This repository contains some brief HiveQL querying examples on an open-source movie database.
The data for this project can be found here (100K dS): https://grouplens.org/datasets/movielens/. For this project, only the u.data and u.item tables are used.
This file contains 100000 ratings by 943 users on 1682 items. It is a tab separated list of:
user id | item id | rating | timestamp
Timestamp is in unix seconds.
This file contains information about each item (movies). It is a tab separated list of:
movie id | movie title | release date | video release date | IMDb URL | unknown | Action | Adventure | Animation |Children's | Comedy | Crime | Documentary | Drama | Fantasy |Film-Noir | Horror | Musical | Mystery | Romance | Sci-Fi |Thriller | War | Western
The last 19 fields contain genres (1 indicating the movie belongs to the genre and 0 indicates it does not).

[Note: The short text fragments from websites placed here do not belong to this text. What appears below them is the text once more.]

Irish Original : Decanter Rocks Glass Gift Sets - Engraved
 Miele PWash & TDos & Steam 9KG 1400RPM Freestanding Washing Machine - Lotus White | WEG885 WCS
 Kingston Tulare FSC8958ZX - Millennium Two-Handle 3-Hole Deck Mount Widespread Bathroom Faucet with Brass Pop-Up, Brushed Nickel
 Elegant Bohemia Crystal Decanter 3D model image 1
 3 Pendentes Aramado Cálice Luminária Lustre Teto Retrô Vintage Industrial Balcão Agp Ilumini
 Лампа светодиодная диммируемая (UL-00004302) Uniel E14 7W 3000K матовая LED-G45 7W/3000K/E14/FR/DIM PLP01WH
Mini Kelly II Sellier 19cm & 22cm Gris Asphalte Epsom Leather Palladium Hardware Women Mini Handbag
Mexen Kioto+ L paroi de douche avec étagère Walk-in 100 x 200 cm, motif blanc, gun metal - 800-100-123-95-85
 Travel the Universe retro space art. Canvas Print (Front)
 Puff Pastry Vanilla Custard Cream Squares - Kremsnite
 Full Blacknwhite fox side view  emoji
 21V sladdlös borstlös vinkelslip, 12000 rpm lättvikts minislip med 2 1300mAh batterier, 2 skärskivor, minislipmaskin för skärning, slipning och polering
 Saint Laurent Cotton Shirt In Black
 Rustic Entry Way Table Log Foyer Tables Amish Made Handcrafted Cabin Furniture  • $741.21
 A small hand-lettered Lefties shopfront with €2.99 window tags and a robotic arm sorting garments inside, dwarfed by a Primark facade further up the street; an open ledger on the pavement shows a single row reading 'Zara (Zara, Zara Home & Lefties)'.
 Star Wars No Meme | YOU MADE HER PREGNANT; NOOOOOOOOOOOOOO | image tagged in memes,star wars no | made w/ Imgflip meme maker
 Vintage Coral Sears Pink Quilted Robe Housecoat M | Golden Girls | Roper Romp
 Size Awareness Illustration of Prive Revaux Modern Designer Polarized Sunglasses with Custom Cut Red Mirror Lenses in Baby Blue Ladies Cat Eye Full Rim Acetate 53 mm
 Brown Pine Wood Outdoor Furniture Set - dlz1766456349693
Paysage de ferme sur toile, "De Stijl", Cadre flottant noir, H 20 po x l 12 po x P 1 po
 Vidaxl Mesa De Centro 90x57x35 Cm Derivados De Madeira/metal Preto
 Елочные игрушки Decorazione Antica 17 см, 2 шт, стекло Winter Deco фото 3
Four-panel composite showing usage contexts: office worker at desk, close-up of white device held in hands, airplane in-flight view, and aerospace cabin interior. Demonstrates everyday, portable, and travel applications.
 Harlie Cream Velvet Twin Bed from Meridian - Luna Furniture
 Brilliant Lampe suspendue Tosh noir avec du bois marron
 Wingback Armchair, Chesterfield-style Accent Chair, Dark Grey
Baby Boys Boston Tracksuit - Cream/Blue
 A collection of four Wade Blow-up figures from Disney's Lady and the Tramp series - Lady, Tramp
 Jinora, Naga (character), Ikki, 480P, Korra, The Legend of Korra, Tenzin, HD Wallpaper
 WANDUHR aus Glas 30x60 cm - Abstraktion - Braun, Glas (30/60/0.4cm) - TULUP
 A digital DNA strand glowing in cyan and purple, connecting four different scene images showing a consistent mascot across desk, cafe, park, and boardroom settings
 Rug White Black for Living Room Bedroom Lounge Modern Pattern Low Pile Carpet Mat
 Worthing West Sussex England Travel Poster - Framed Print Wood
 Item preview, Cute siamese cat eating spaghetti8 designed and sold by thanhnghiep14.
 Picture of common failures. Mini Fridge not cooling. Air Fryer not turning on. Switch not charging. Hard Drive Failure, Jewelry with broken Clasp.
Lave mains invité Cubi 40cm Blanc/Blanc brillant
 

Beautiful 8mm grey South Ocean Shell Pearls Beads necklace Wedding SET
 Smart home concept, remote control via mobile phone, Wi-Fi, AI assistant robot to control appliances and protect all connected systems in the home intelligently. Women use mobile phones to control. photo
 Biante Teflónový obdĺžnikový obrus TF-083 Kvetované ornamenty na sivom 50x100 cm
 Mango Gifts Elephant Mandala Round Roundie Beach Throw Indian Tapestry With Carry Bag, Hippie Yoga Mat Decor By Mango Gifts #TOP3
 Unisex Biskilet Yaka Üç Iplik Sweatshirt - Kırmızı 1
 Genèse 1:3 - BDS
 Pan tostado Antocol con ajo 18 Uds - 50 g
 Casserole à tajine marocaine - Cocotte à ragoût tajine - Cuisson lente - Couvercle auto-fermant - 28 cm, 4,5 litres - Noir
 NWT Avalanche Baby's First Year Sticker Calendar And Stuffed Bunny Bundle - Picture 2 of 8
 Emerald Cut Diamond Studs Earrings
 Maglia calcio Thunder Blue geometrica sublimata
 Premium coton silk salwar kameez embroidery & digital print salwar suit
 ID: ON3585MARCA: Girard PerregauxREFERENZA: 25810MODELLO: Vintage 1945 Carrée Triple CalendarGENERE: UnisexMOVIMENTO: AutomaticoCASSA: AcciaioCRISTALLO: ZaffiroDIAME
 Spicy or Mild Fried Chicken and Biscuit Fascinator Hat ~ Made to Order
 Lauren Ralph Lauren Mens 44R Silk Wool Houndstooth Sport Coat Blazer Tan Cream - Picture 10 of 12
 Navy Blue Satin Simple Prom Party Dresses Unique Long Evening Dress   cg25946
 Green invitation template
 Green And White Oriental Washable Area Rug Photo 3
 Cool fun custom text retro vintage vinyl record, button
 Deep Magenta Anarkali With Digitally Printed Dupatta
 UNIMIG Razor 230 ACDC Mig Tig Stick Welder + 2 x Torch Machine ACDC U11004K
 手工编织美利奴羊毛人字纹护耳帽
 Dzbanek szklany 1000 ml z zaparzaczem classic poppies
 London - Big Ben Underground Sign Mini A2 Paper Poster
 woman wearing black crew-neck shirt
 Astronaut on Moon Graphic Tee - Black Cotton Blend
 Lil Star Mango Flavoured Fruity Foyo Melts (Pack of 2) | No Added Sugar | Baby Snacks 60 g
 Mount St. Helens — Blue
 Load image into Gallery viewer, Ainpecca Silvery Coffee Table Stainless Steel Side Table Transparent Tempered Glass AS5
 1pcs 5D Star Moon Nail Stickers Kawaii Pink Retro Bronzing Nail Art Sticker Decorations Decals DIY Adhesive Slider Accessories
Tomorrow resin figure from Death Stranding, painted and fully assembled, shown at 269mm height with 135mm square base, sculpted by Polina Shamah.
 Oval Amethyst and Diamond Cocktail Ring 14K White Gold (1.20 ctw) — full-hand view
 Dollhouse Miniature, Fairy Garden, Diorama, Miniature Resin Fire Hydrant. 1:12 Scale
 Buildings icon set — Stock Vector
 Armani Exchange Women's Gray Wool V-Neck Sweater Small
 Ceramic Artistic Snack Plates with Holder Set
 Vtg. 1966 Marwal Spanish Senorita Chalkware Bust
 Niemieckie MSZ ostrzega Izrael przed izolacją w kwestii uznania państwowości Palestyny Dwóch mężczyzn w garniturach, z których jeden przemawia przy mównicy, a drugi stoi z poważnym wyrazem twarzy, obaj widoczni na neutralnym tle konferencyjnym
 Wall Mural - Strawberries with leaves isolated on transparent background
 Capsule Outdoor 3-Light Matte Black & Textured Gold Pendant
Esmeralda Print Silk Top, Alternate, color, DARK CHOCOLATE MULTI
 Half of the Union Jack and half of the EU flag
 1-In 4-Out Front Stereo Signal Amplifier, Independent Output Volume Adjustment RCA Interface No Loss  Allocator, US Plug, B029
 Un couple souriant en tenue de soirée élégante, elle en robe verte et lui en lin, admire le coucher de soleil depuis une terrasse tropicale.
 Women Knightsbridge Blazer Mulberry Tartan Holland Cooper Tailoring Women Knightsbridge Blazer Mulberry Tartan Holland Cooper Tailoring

This analysis relies on HiveQL statements and includes SELECT, WHERE, GROUP BY, ORDER BY, LIMIT and JOIN commands.
Queries on this dataset include:
- How many records are in each table?
- What are the names of the movies released in 1990?
- What are the movie id's for the 10 films that recieved the most ratings?
- What are the titles of the movies with the 10 most ratings?
- What is the highest average rated sci-fi movie?
- Are there any movies with no ratings?